Il giudice a quo riporta che tale programma stabiliva l’acquisizione alla procedura non solo degli introiti derivanti da una esecuzione immobiliare, ma anche di quote della retribuzione mensile della debitrice.
Il rimettente precisa, inoltre, che i liquidatori, tenendo conto dell’esigenza di «garantire un minimo soddisfacimento per i creditori», determinavano la durata della procedura e della acquisizione dei crediti in quattro anni, facendo salvo «l’eventuale effetto esdebitativo ottenuto una volta decorsi tre anni». A tal riguardo, il programma – parzialmente riportato nell’ordinanza – stabiliva che, in caso di esdebitazione, vi sarebbe stata la «prosecuzione dell’attività liquidatoria […] solo sui beni già acquisiti nella massa concorsuale [sino] a tale momento».
2.1.– Il giudice a quo contesta che possa essere «rimessa al puro e semplice arbitrio dell’organo liquidatorio la determinazione di un limite minimo di apprensione dei redditi del debitore sovraindebitato» e lamenta che la riforma introdotta con il CCII non abbia previsto, per la liquidazione controllata, un termine per l’acquisizione dei beni sopravvenuti, diversamente da quanto disposto dalla legge 27 gennaio 2012, n. 3 (Disposizioni in materia di usura e di estorsione, nonché di composizione delle crisi da sovraindebitamento) per la liquidazione del patrimonio.

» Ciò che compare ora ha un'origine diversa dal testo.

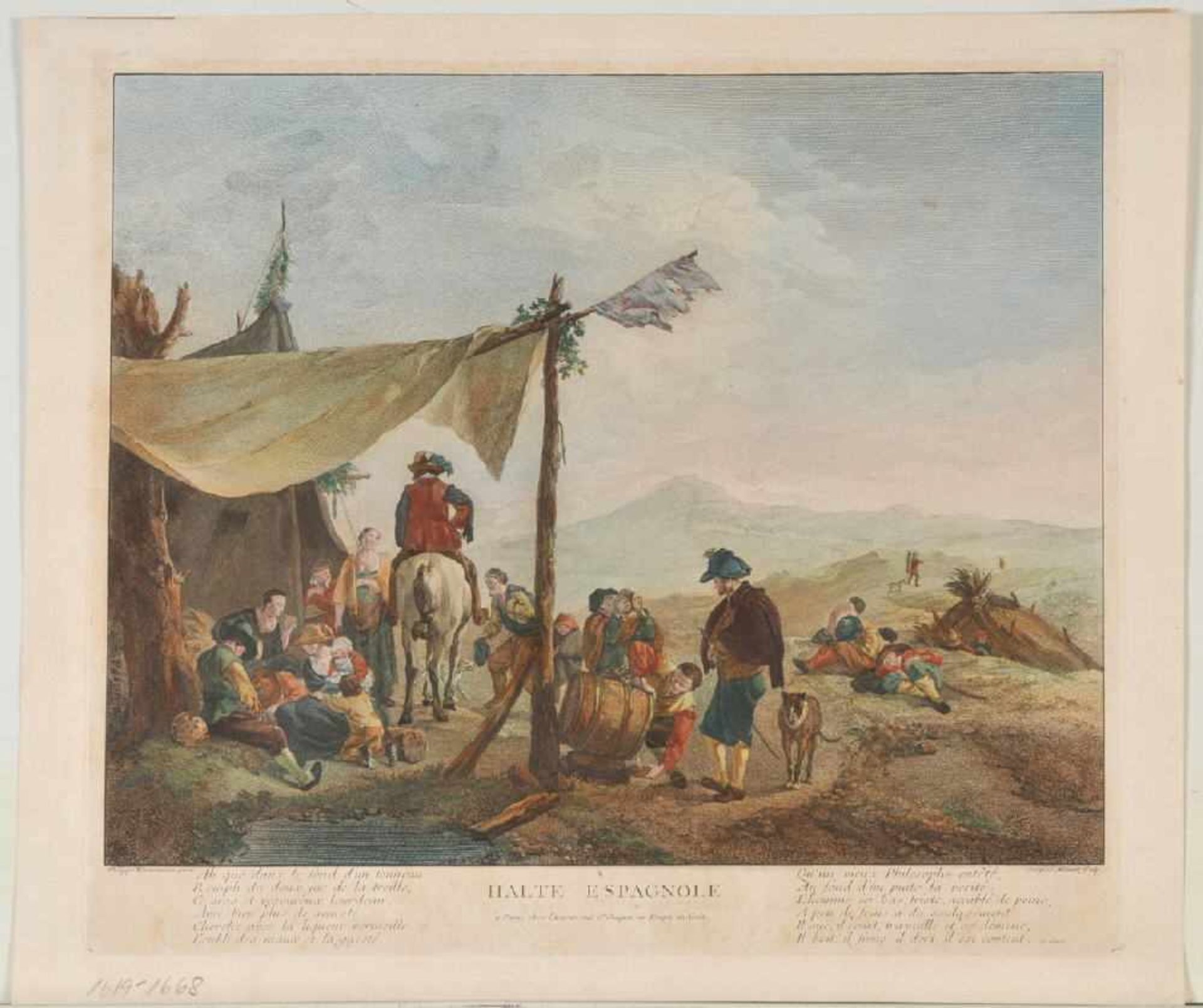 Aliamet, Jacques, 1726 Abbeville - 1788 ParisKupferstich, handcolor., 31 x 39 cm, betit. " Halte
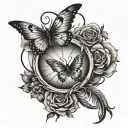 infinity sign, butterfly, swallow, bird feather tattoo design idea
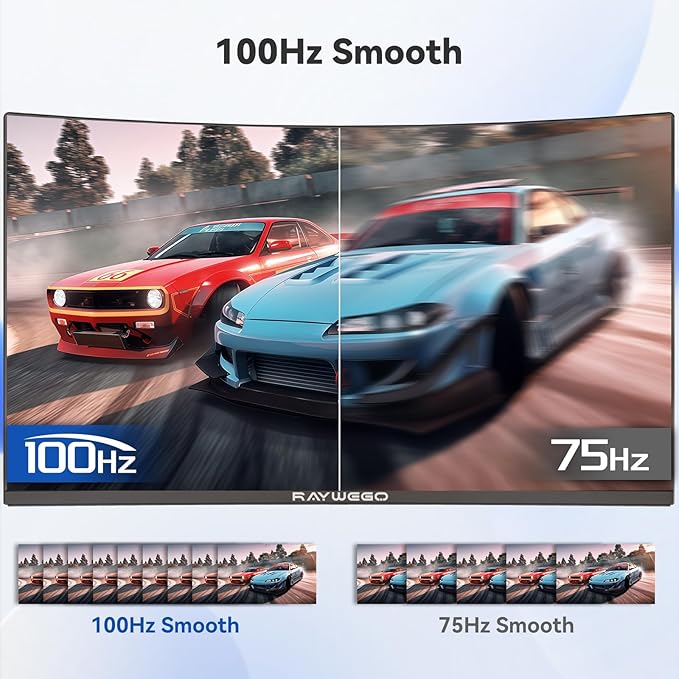 24 Inch 100Hz Computer Curved Monitor 1080P,4000:1 Contrast,LowBlue Mode,16.70 Million Colors, Anti-Glare,FreeSync,PC Monitor Ergonomic Tilt & VESA Compatible for Home Office Working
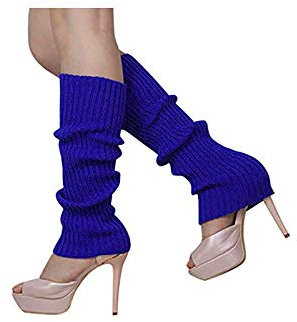 Brussels 08 warme Damen-Beinstulpen, gestrickt, gehäkelt, lange Socken, lockerer Stil, ohne Füße, Blau, blau
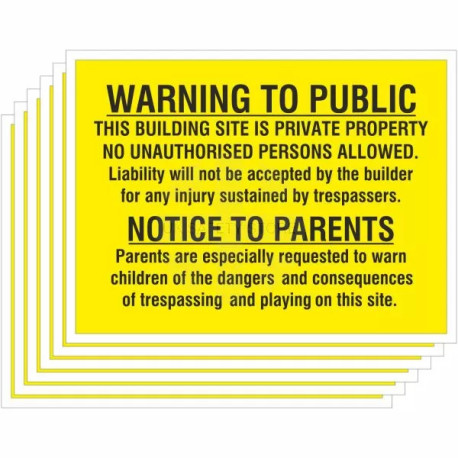 6-Pack Warning To Public Building Site Signs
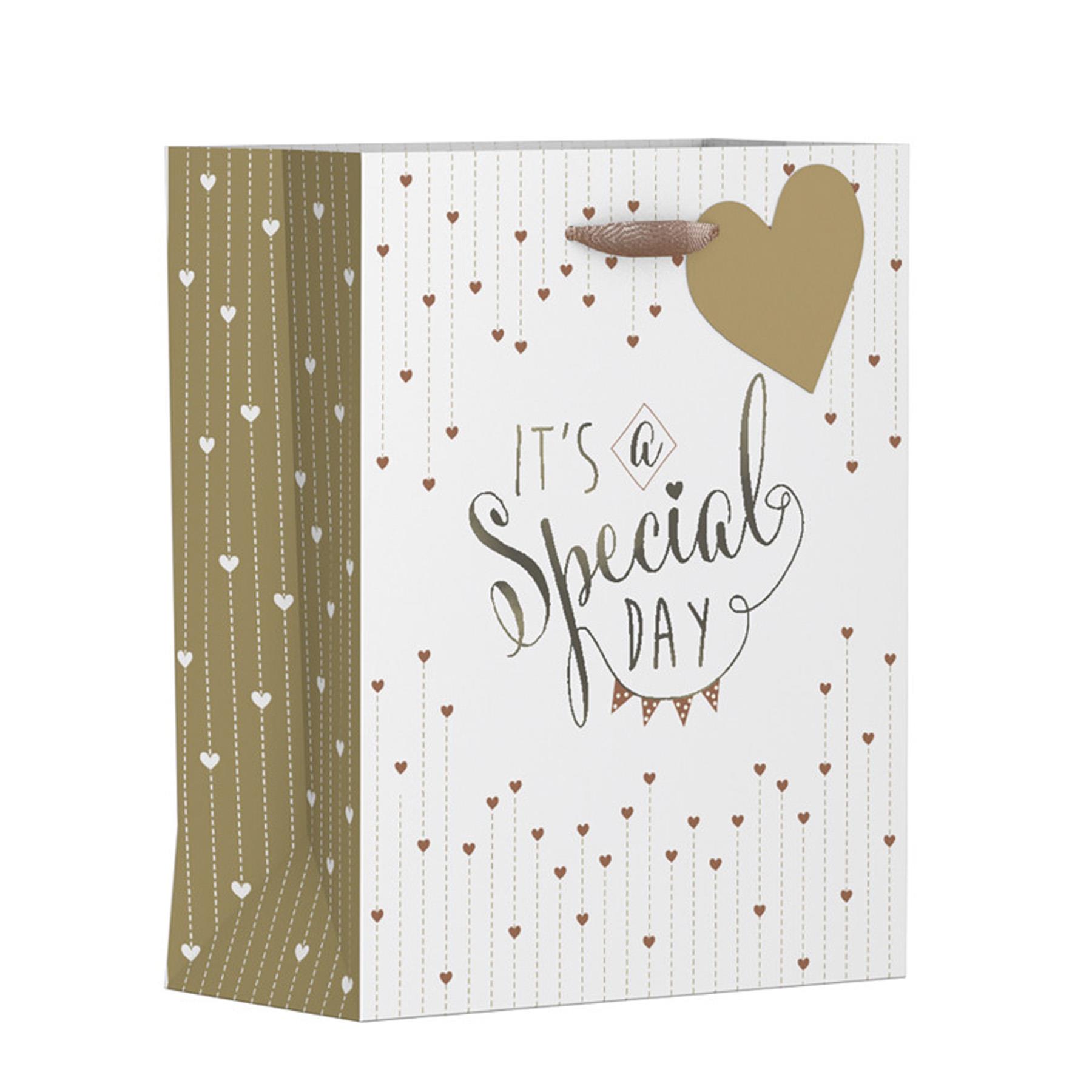 Wedding Day Gift Bag with Tag and Ribbon Handles - Choose Design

In particolare, l’art. 14-undecies della citata legge, ancora applicabile alle procedure di liquidazione del sovraindebitato aperte prima dell’entrata in vigore del CCII, stabilisce che «[i] beni sopravvenuti nei quattro anni successivi al deposito della domanda di liquidazione di cui all’articolo 14-ter costituiscono oggetto della stessa, dedotte le passività incontrate per l’acquisto e la conservazione dei beni medesimi».
2.1.1.– Il giudice a quo rileva la mancanza di una norma che preveda l’acquisizione dei beni sopravvenuti nella disciplina della liquidazione controllata, ma ritiene applicabile a tale procedura quanto stabilito, con riferimento alla liquidazione giudiziale, dall’art. 142, comma 2, CCII.
Tale ultima disposizione prevede che «[s]ono compresi nella liquidazione giudiziale anche i beni che pervengono al debitore durante la procedura, dedotte le passività incontrate per l’acquisto e la conservazione dei beni medesimi», disposizione che riproduce – come osserva il giudice a quo – quanto in precedenza stabilito dall’art. 42, comma secondo, del regio decreto 16 marzo 1942, n. 267 (Disciplina del fallimento, del concordato preventivo, dell’amministrazione controllata e della liquidazione coatta amministrativa).
2.1.2.– La mancata previsione nel citato art. 142, comma 2, CCII, in quanto applicabile alla liquidazione controllata, di una durata di apprensione dei beni sopravvenuti, tale da tenere conto dell’interesse dei creditori, è il profilo di cui si duole il rimettente, il quale ritiene ricostruibile in via ermeneutica tutt’al più un limite temporale massimo, vòlto a escludere che «l’acquisizione possa durare vita natural durante».
A tal riguardo, passa in rassegna varie soluzioni interpretative.
2.1.2.1.– Prende, anzitutto, in esame il termine che implicitamente deriva dal meccanismo della esdebitazione, il quale, ai sensi dell’art. 282, comma 1, CCII, opera di diritto trascorsi tre anni dall’apertura della procedura di liquidazione.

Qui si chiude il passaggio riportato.